— YOUR TASK —
Below is a listing; retype exactly the lines between the one containing "Stor Vrč z ušesi" and the one containing "Office Romance from", inclusive, minus the pictures.

— AVAILABLE RECORDS —
▬▬▬
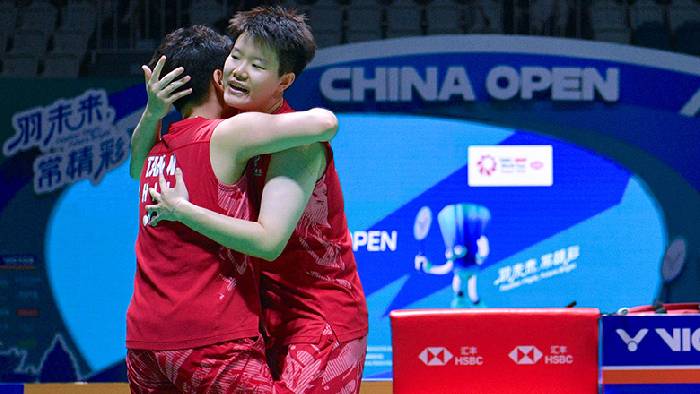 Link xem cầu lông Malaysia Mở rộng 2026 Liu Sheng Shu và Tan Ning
▬▬▬
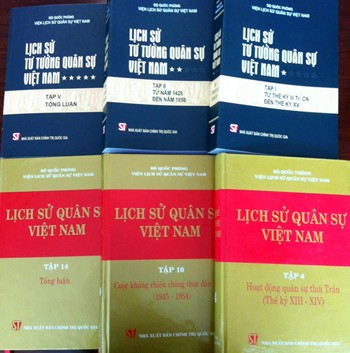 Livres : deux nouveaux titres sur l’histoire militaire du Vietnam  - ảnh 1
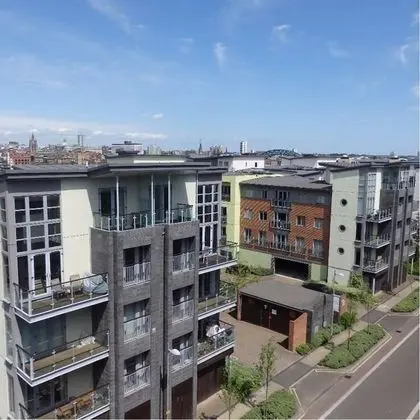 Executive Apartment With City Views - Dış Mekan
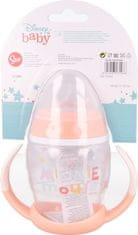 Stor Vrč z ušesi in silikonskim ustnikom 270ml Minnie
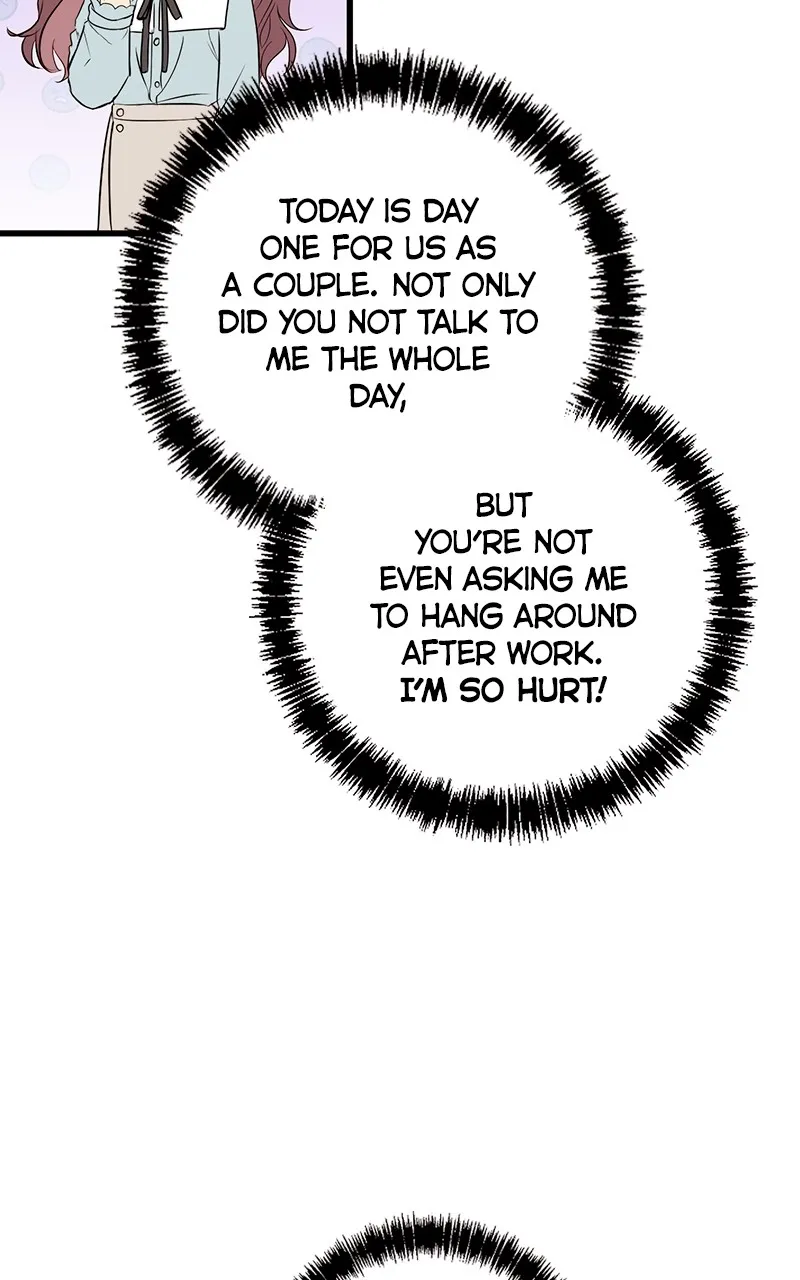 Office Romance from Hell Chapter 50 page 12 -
▬▬▬
— YOUR RESPONSE —
 Stor Vrč z ušesi in silikonskim ustnikom 270ml Minnie
 Office Romance from Hell Chapter 50 page 12 -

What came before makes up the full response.